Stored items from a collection
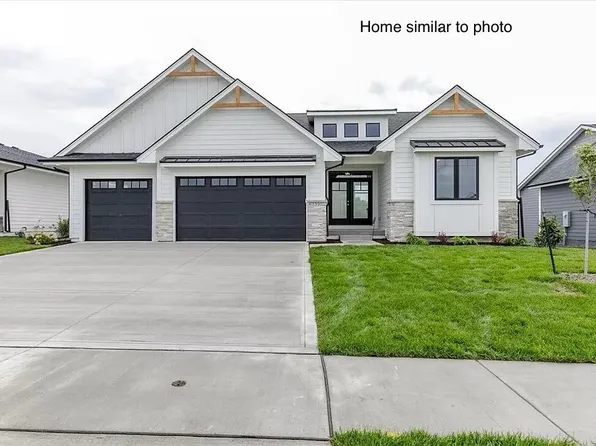 226 Cedar Dr, Gilbert, IA 50105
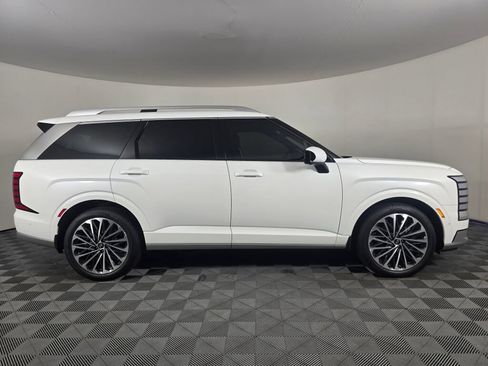 Used 2026 Hyundai Palisade Calligraphy AWD/4WD image 2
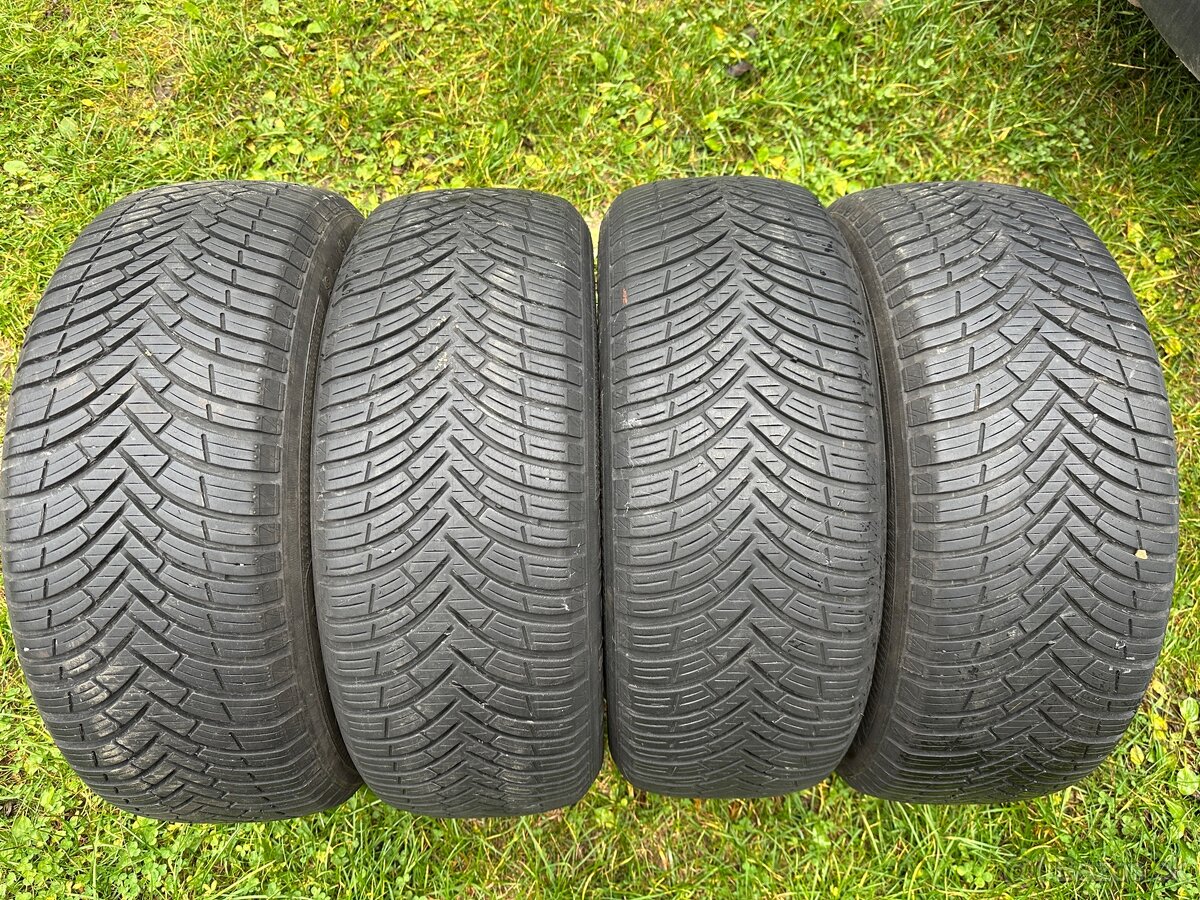 Celoročné pneumatiky Kleber Quadraxer 2 205/55 R16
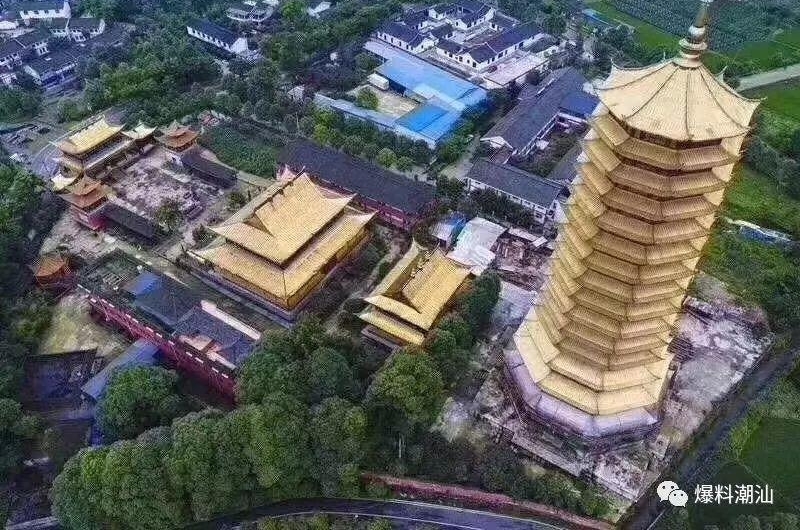 ���Ǹ���΢��Ⱥ�贫���¥��𣡺ųơ����޵�һ��ľ�������ջ�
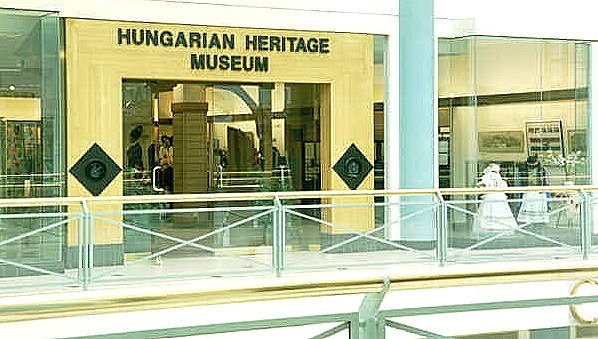 The museum offers displays of folk costumes and folk art from several regions of Hungary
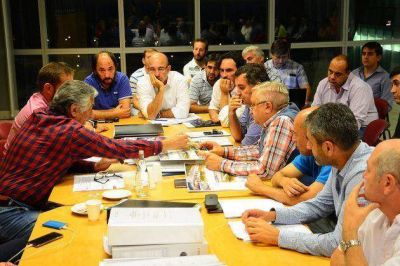 El gobernador se interioriz� sobre las propuestas de construcci�n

__ASSIGNMENT__: Each line from the first line of the records through the line containing "The museum offers" must be reproduced exactly, with both ends included and all pictures omitted; nothing else belongs in the answer.

__RESPONSE AREA__:
 226 Cedar Dr, Gilbert, IA 50105
 Used 2026 Hyundai Palisade Calligraphy AWD/4WD image 2
 Celoročné pneumatiky Kleber Quadraxer 2 205/55 R16
 ���Ǹ���΢��Ⱥ�贫���¥��𣡺ųơ����޵�һ��ľ�������ջ�
 The museum offers displays of folk costumes and folk art from several regions of Hungary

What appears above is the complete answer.